Instructions to follow:
Beneath this line are the data; copy exactly the part of them that opens with the line containing "Female Luciolinae" and closes with the line containing "1/10 16:30オフ無し", and only that part.

Record extracts:
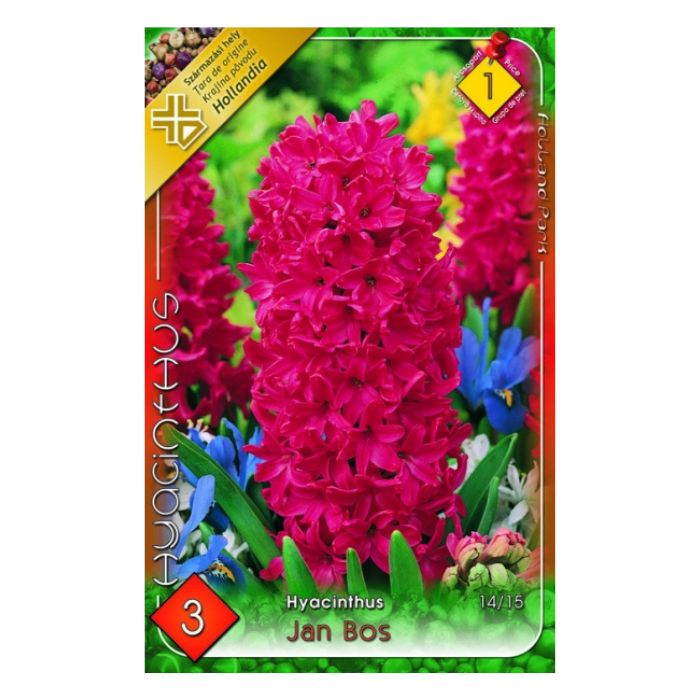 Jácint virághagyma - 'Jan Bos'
==
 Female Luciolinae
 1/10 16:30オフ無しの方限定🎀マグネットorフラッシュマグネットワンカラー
---
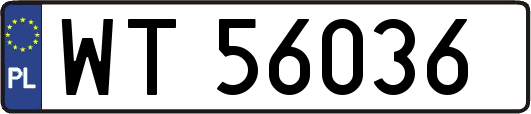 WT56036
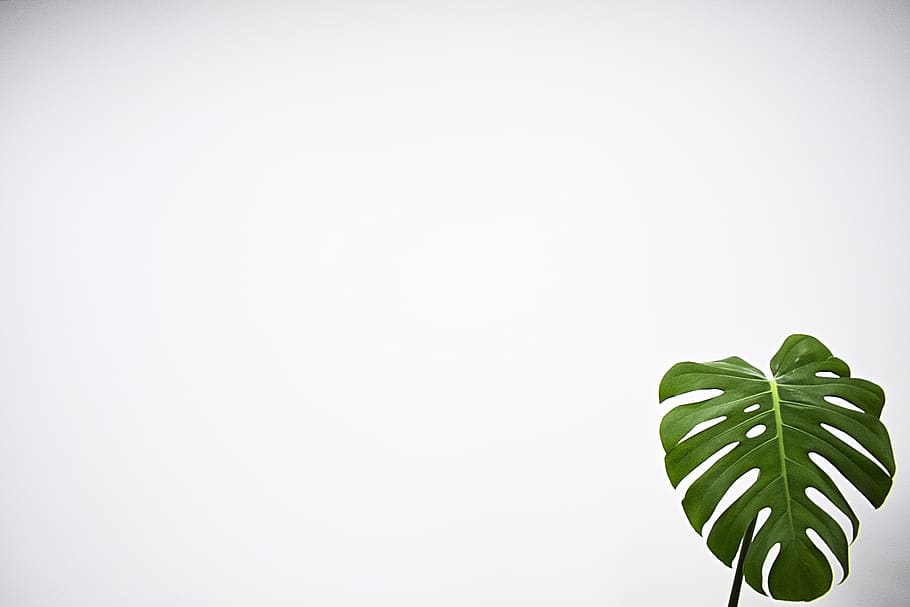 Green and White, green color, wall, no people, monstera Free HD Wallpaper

Exercise answer:
 Female Luciolinae
 1/10 16:30オフ無しの方限定🎀マグネットorフラッシュマグネットワンカラー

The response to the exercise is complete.